Anche Bergoglio ha avuto la sua Vatileaks con il tradimento di due persone nelle quali aveva riposto la sua fiducia affinché lo aiutassero nell’opera di riforma delle finanze vaticane: monsignor Lucio Angel Vallejo Balda e Francesca Immacolata Chaouqui. Ma Francesco ha saputo ammettere l’errore con umiltà, quella che difficilmente i Papi in tempi molto più burrascosi di quello di Bergoglio hanno avuto. E il riferimento ovviamente non è all’ultimo secolo. Francesco ha avuto e ha i suoi avversari, molto marginali in numero e qualità. Ha avuto i suoi manifesti contro, come un qualsiasi leader politico contestato dagli oppositori. E ha avuto diversi fake che sulla rete hanno preso in giro la sua determinazione, come il falso Osservatore Romano che ironizzava sul suo silenzio verso i quattro cardinali che gli intimavano, minacciandolo di bollarlo come eretico, non si sa in base a quali sacri canoni, di rispondere ai loro “dubia” sulle sue aperture ai divorziati risposati. In quel caso, almeno fino a oggi, il Papa ha preferito il silenzio ed è stato accusato di non prendere in seria considerazione quelle critiche.
Quasi cinque anni di pontificato e una indiscussa autorevolezza sullo scenario mondiale: dal campo ecumenico, a quello interreligioso fino agli ambienti laici. Francesco è universalmente riconosciuto e ammirato per la sua autorevolezza, la sua coerenza, la sua capacità di mettere in connessione popoli che per decenni si sono fatti la guerra. Basta citare due straordinari meriti di questo ancora giovane pontificato. L’inizio del disgelo tra Usa e Cuba celebrato da entrambe le potenze mondiali nel nome di Bergoglio. E lo storico abbraccio a L’Avana con il Patriarca di Mosca Kirill, un incontro atteso da mille anni. Ma le sfide non mancano, soprattutto con la presidenza di Donald Trump e l’ambizioso ma non impossibile obiettivo di un viaggio a Mosca e a Pechino.

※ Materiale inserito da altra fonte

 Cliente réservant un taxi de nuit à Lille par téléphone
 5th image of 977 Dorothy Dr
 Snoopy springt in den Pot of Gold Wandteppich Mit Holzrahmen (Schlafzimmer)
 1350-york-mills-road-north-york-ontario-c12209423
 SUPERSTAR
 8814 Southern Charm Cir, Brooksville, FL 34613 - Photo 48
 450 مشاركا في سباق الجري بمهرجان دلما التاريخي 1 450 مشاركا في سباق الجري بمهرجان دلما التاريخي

Francesco guarda alle sue amatissime periferie per governare la Chiesa e nel cuore del cattolicesimo porta le istanze degli ultimi, degli scartati, dei profughi che sono al centro della sua azione pastorale. Bergoglio è un uomo coerente nella sua vita evangelicamente semplice e nel suo programma di governo. E questo mette in seria difficoltà i suoi critici che non possono puntare il dito contro un Papa che richiama spesso l’attenzione sui bisogni dei poveri, condannando la corruzione, le tangenti e le raccomandazioni, e vive in un bilocale di 70 metri quadrati. “Il salvataggio a ogni costo delle banche, – ha scritto Francesco nella sua enciclica sociale, Laudato si’ – facendo pagare il prezzo alla popolazione, senza la ferma decisione di rivedere e riformare l’intero sistema, riafferma un dominio assoluto della finanza che non ha futuro e che potrà solo generare nuove crisi dopo una lunga, costosa e apparente cura”.

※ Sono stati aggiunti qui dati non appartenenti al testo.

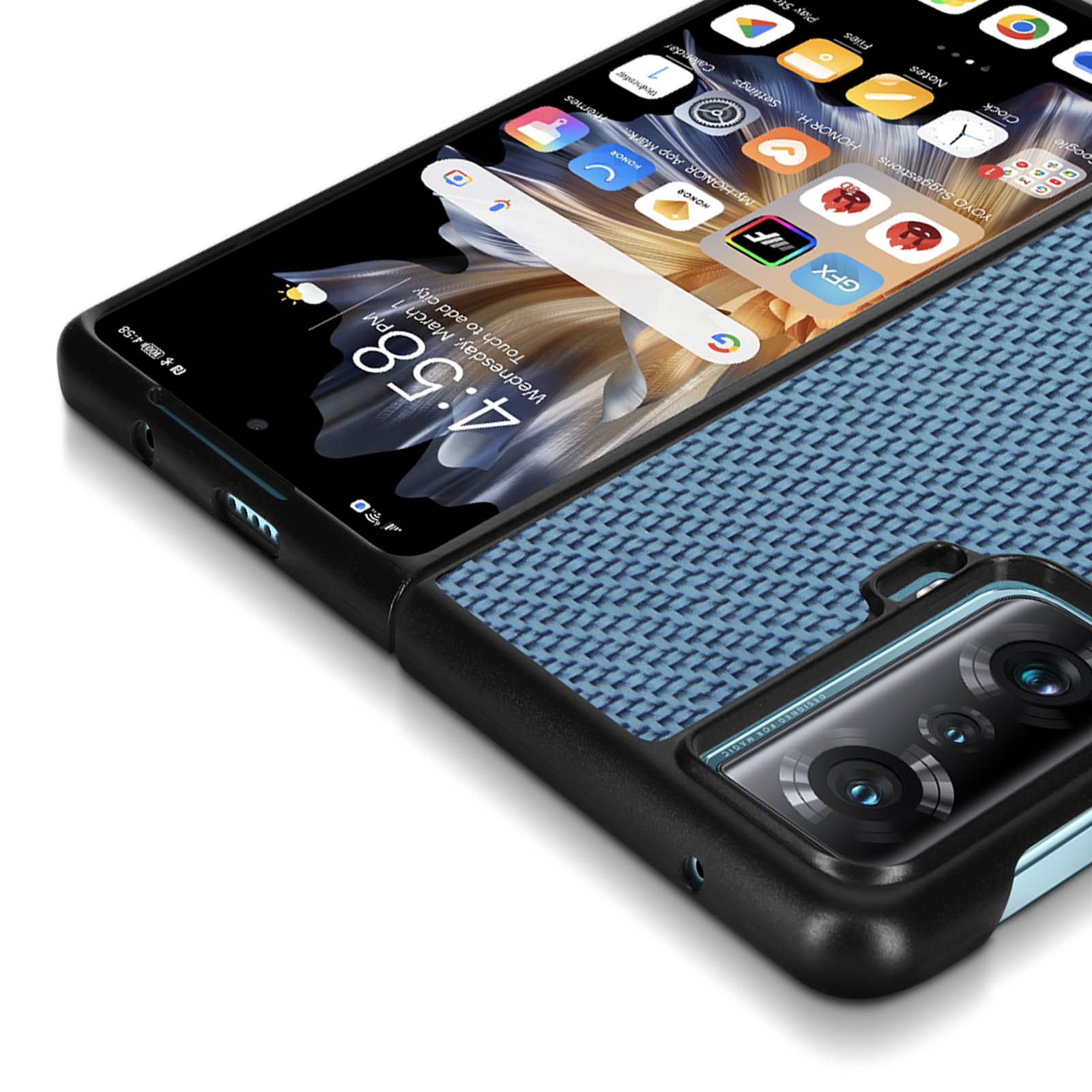 Un telefono con retro blu a trama intrecciata e custodia nera, che mostra la schermata iniziale.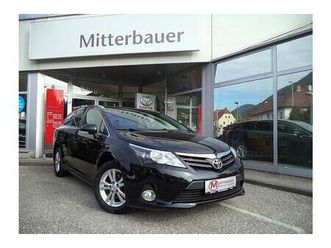 toyota avensis 2,0 d4-d 125 dpf comfort in perg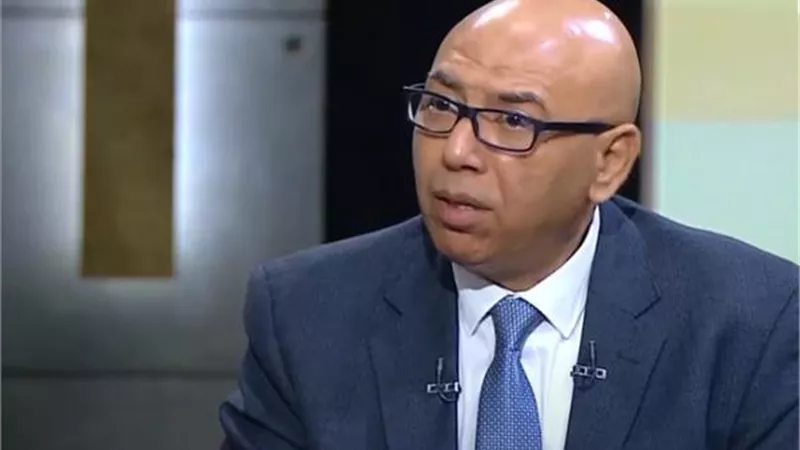 خالد عكاشة: أطراف ليبية تستقوي بالمرتزقة.. ومصر دعت لبناء جيش موحد.. فيديو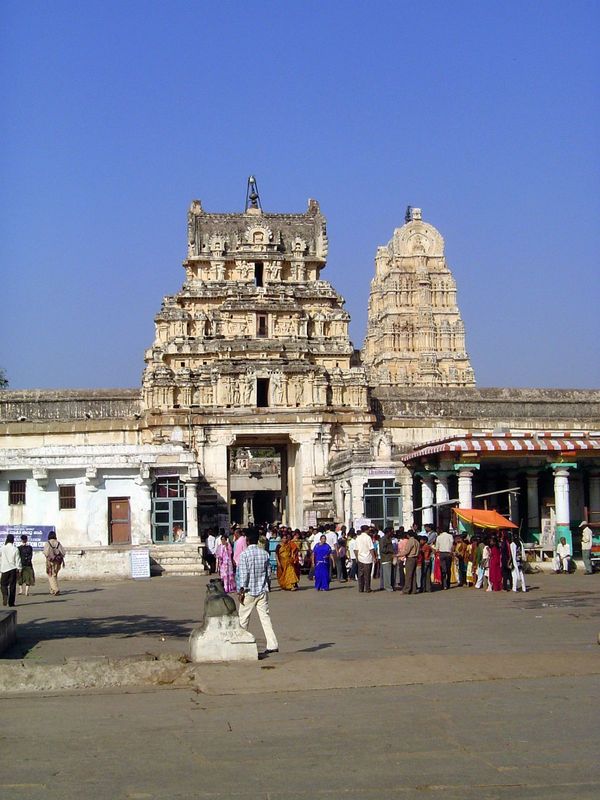 A courtyard leads to a second, lower gopura. As late as the 1920s, foreigners were allowed no further. Today, they can enter after buying a 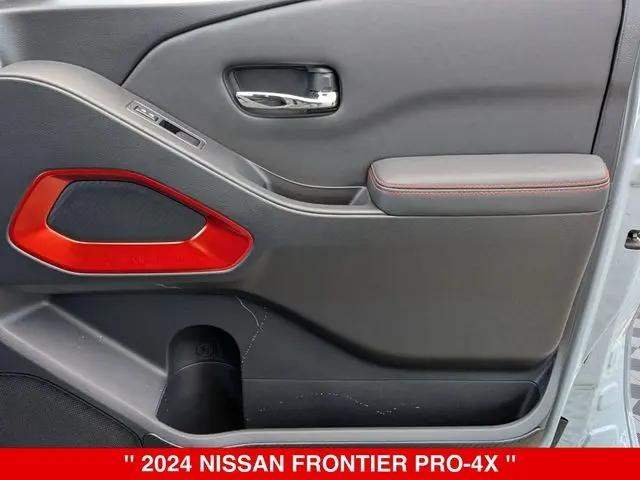 2024 Nissan Frontier Crew Cab PRO-4X 4x4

Un Papa che non ha paura di scendere dal trono dei predecessori. E che rivolge continuamente un invito alla sua Chiesa a essere in uscita, ferita, aperta. Bergoglio non ha paura né dei cospiratori, né degli oppositori e nemmeno degli adulatori. Ha paura soltanto del giudizio finale, l’unico che conta per questo gesuita di 81 anni che guarda in modo escatologico all’orizzonte e ritma il suo personale e quotidiano esame di coscienza su una sola domanda: “Il Figlio dell’uomo, quando verrà, troverà la fede sulla terra?”. Per Francesco non ci sono altri quesiti ai quali dover rispondere nella sua azione di governo. E questo interrogativo, come è stato il solo a dettare gli atti dei suoi primi quattro anni di pontificato, segnerà il futuro di Bergoglio. Con buona pace dei sedevacantisti.